Me apretó más contra él, eliminando el poco espacio que nos separaba, y sentí la hebilla de su cinturón presionar contra mi abdomen, un recordatorio metálico y frío de su poder y su masculinidad. Mi corazón martilleaba contra mis costillas, un tambor desbocado que marcaba el ritmo de una melodía peligrosa y adictiva. Él era Alistair, el director; un hombre de treinta años, millonario, brillante e influyente, y yo era Valeria, una simple estudiante de veinte. La lógica me gritaba que huyera, que aquello era una locura, una imprudencia que podría costarme la carrera y la reputación, pero la lógica había abandonado la sala en el momento en que su aroma me había envuelto. Todo en él imponía respeto y distancia, desde su altura y su complexión musculosa hasta esa aura de magnetismo y autoridad que lo hacía parecer inalcanzable. Y sin embargo, allí estaba, rompiendo todas las barreras con un solo gesto, mirándome como si yo fuera la única persona en el universo, un universo que parecía haberse encogido a las dimensiones de aquella opulenta oficina. El sol de la tarde se filtraba por los inmensos ventanales, bañando la escena en una luz dorada y proyectando largas sombras que danzaban a nuestro alrededor como testigos silenciosos de nuestra transgresión.

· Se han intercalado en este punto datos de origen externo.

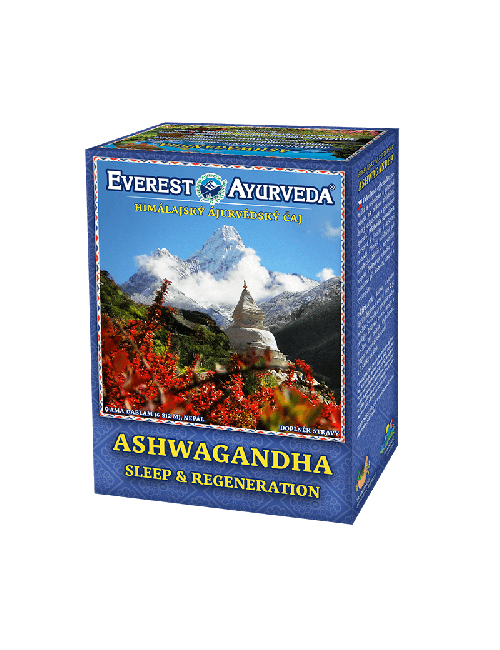ASHWAGANDHA Sleep & Regeneration Ayurveda Tea 100g, Everest Ayurveda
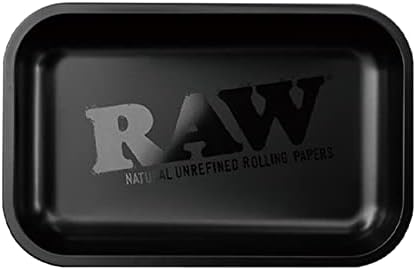 CIN-SHOP RAW Authentic Matte Black Tray TRAY Row Rolling Tray MATTE BK Small Size - NewNest Australia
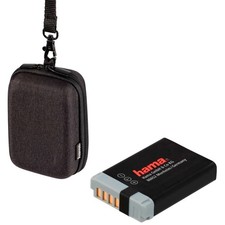 Hama Akku + Tasche Hardcase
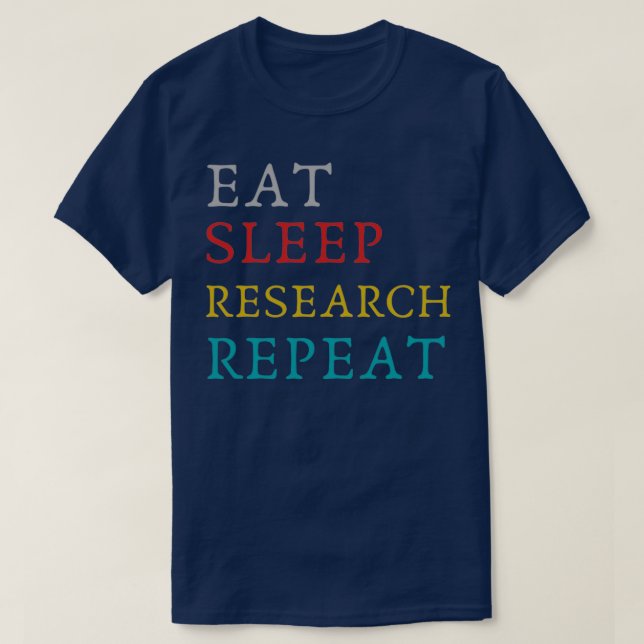 Eat Ssov Research Upprepa lustig forskning T Shirt (Design framsida)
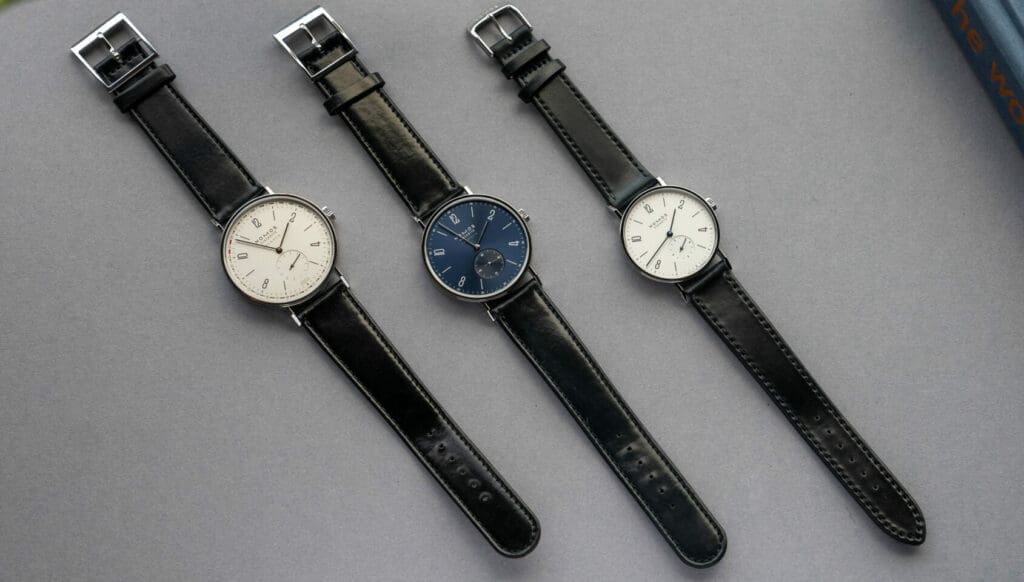 VIDEO: How the new NOMOS Tangente Blaugold fits into the iconic line-up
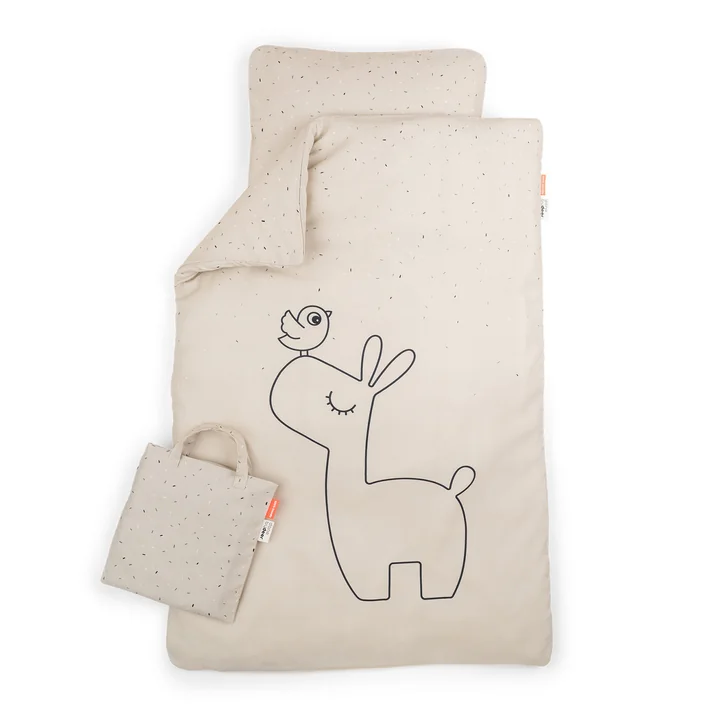 Done by Deer - Kinderbettwäsche Junior, 100 x 140 cm, Lalee, sand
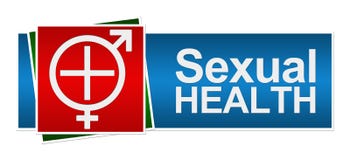 Sexual Health Red Green Blue Banner Royalty Free Stock Photo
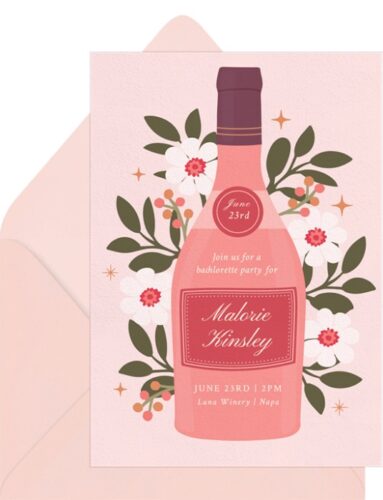 summer wine party invitation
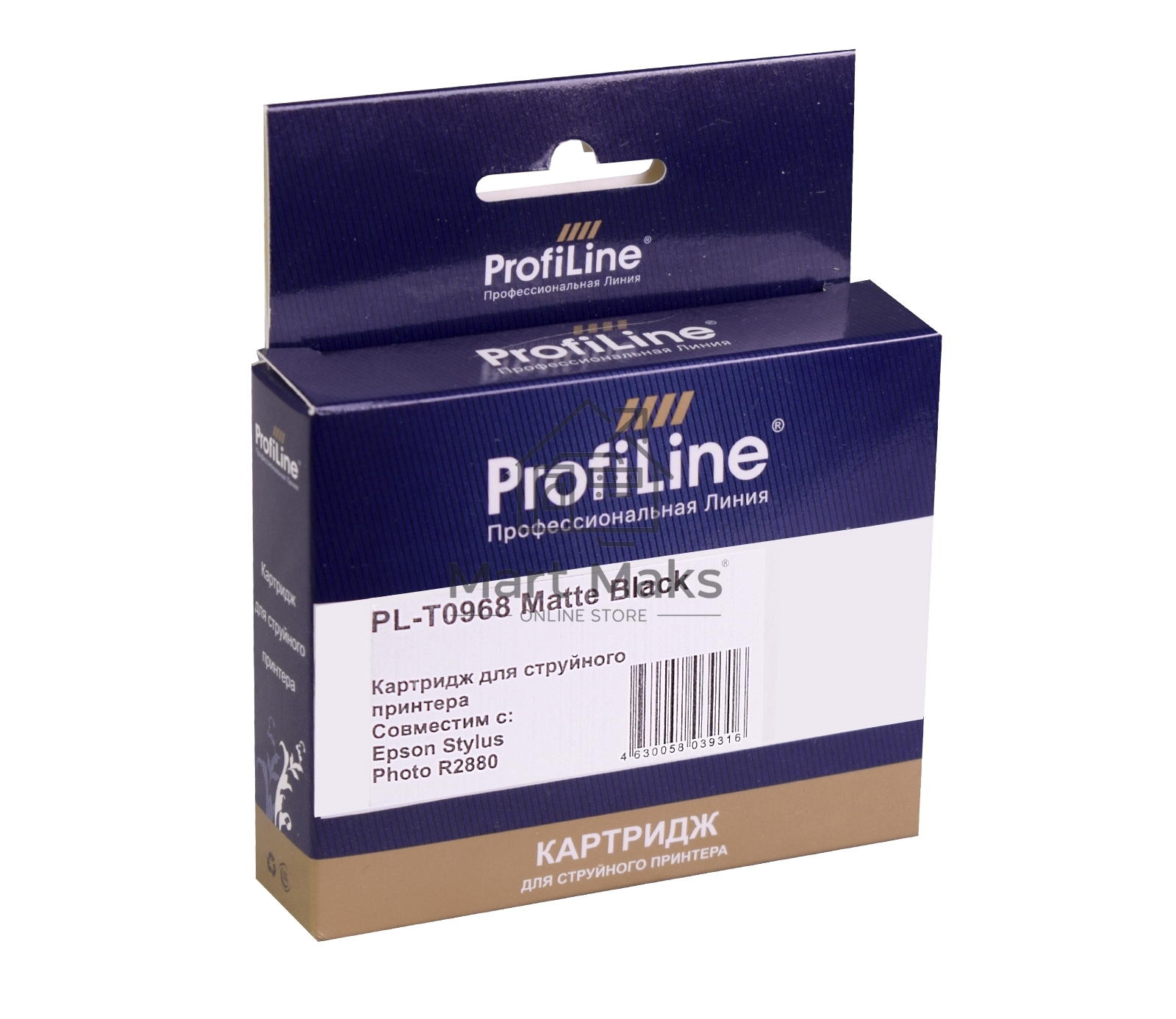 Картридж струйный ProfiLine PL-T0968 для принтеров Epson Stylus Photo R2880 с чернилами Matte Black 11,4 мл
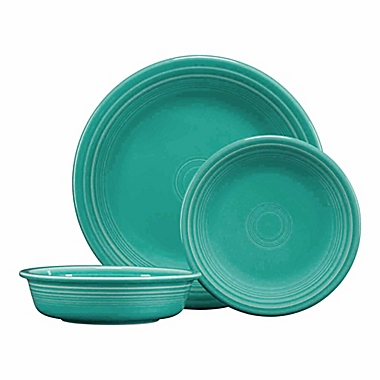 Fiesta&reg; 3-Piece Classic Place Setting in Turquoise. View a larger version of this product image.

— Sabes que no puedes seguir provocándome de esta manera, Valeria.
Su voz era un susurro ronco, una vibración profunda que sentí en mi pecho más que oírla con mis oídos. Cada palabra era una caricia y una advertencia, una mezcla de deseo y frustración que me hizo temblar. Inclinó su cabeza, su aliento cálido rozando la piel sensible de mi cuello, y cerré los ojos, entregándome a la sensación. El mundo exterior, con sus reglas y sus juicios, se desvaneció por completo.
— No sé de qué me hablas —musité, mi propia voz sonando débil y entrecortada, una mentira flagrante que ninguno de los dos creyó.
Una sonrisa torcida, casi imperceptible, se dibujó en sus labios antes de que volviera a mirarme a los ojos, su intensidad clavándose en mi alma.
— Mientes. Mientes cada vez que bajas la mirada cuando paso a tu lado en los pasillos, mientes cuando te muerdes el labio en mis conferencias y mientes ahora, pretendiendo que no sientes esta corriente que podría incendiar todo el edificio.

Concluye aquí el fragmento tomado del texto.